The God of Unconditional Love

Being a middle-aged Steppenwolf by nature and speaking generally, I have no great love for humanity. I’m probably closer to being an adherent of Sartre’s adage, “Hell is other people.”

I don’t go out into the public sector as much as I once did but the times that I do does little to change my outlook. People are becoming more erratic from their driving habits to their impatience in standing in line at the post office. They move as if they have a whip on their backs and have little tolerance for those who are in their way. And as the noose tightens it will continue to get worse.

But just about the time I feel like giving up on them completely, something happens showing me that would be a mistake.

Have you ever noticed that when you first walk into certain grocery stores that they have small doors that carts going in both directions can hardly make it through and afterwards you’re usually guided inside to narrow walkways with displays that further clog up the lines?

As I was already pissed off for being herded in this particular manner, I felt someone behind me.

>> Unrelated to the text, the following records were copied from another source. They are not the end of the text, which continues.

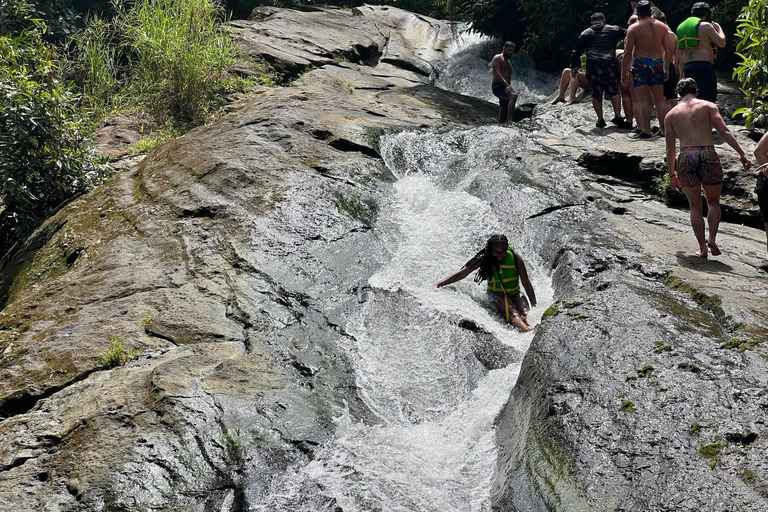 El Yunque Rainforest; Waterslides, Beach, Dine and Shop Tour El Yunque Rainforest Waterslides and Beach Tour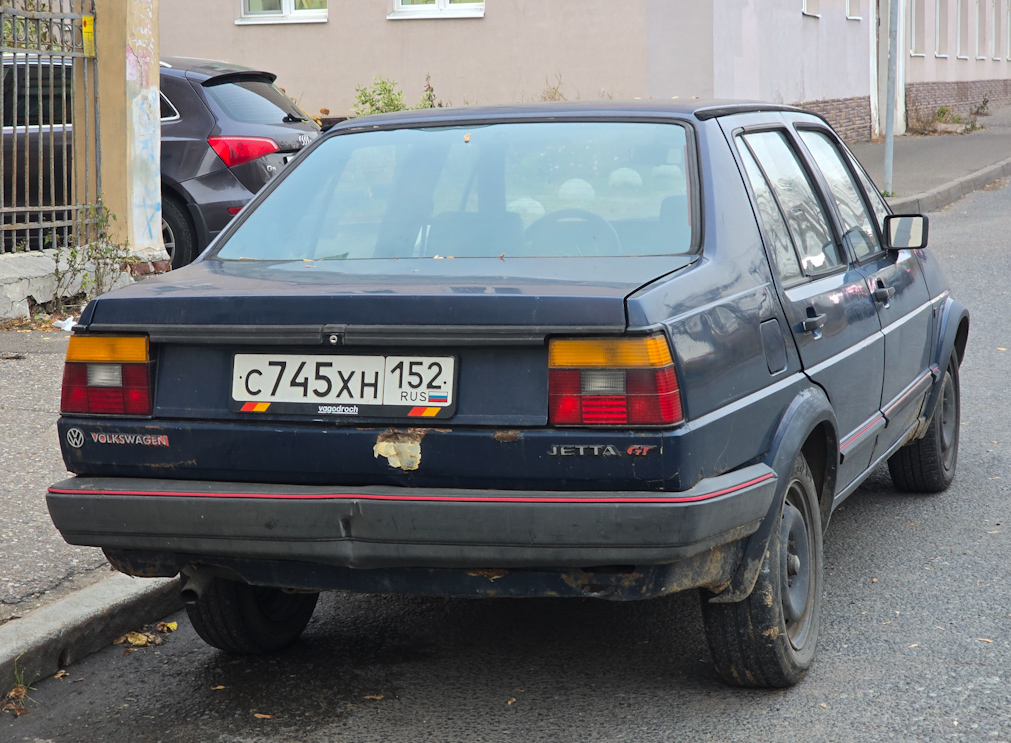 Татарстан, № С 745 ХН 152 — Volkswagen Jetta Mk2 (Typ 16) '84-92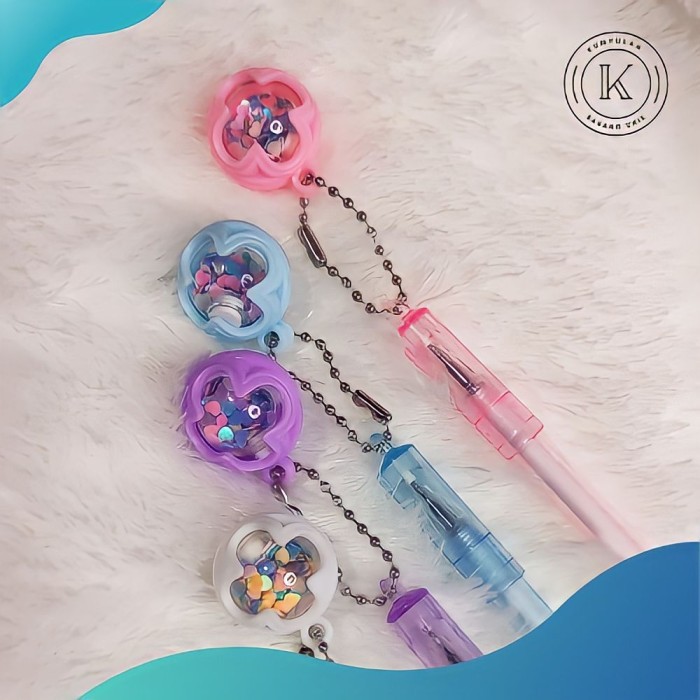 

Terbaru PULPEN GANTUNGAN BOLA MANIK BALLPOINT BOLA MANIK ALAT TULIS KANTOR 100% ori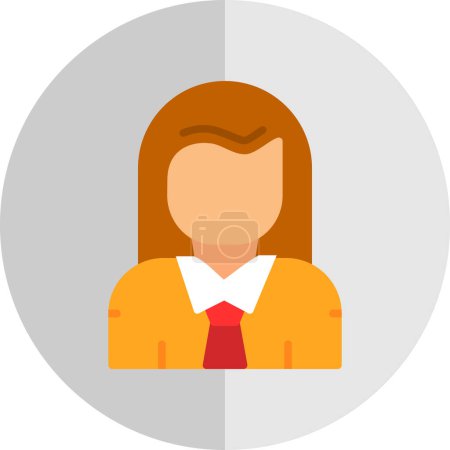 Ilustración de Mujer avatar icono, diseño de vectores - Imagen libre de derechos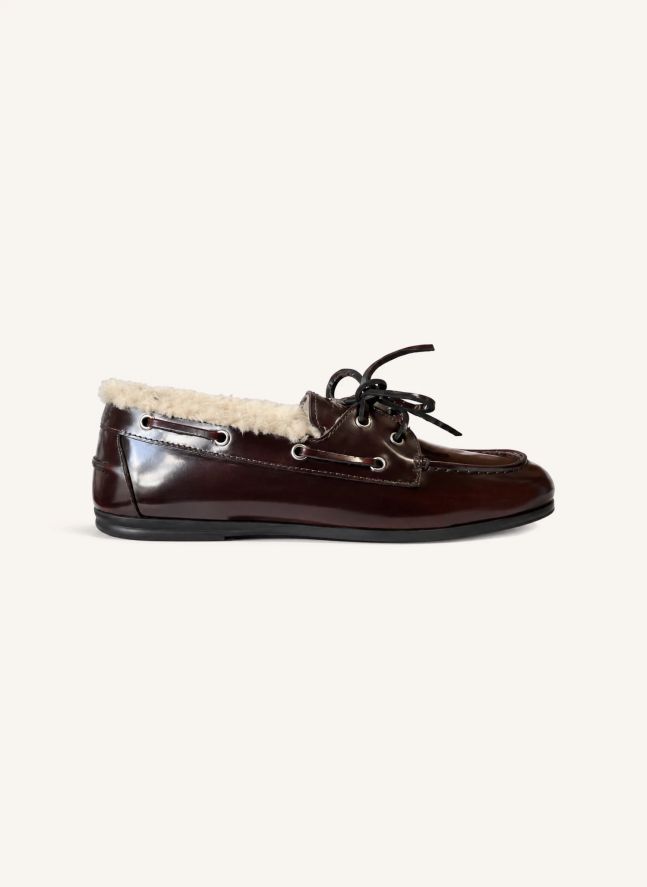 Chaussures Bateau Cuir et Fourrure | Bordeaux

I don’t like this as it is against my nature as well as my conditioning of not trusting others. Making a society into a high-tech prison camp doesn’t exactly bring out the best in people.

I pulled myself and my cart to the side waiting to give my enemy a dirty look when I was met by the gaze of a man with both a kindness and a depth to that kindness in his eyes that I have rarely, if ever, seen before. In that moment, I felt ashamed of myself for my behavior.

The story of Christ being crucified along with the two thieves comes to mind. The only guilt that the thief on the left-hand side of Christ felt was for getting caught. He mocked the spirit that could have saved him even then because it had already been lost unto himself.

But the thief on the right side of Christ felt the depth and breadth of love in the Savior’s eyes and it broke the hardness of his heart. From this came the natural repentance and the healing of the mind from within that followed even though the life of the body was coming to an end.

In this way does the God of unconditional love convict the hearts and minds of his own.

But for the mind-slaves and criminals at heart, they will always need someone to rule them through coercion. They no longer have any guilt for the harm they do to others, including those who think they can get away with it because it’s “legal.”

Personally, I don’t care about your politics, religion, skin color, where you are from, level of intelligence or anything else that the system tells me to love or hate about you.

I care only about which side of the cross you’re on.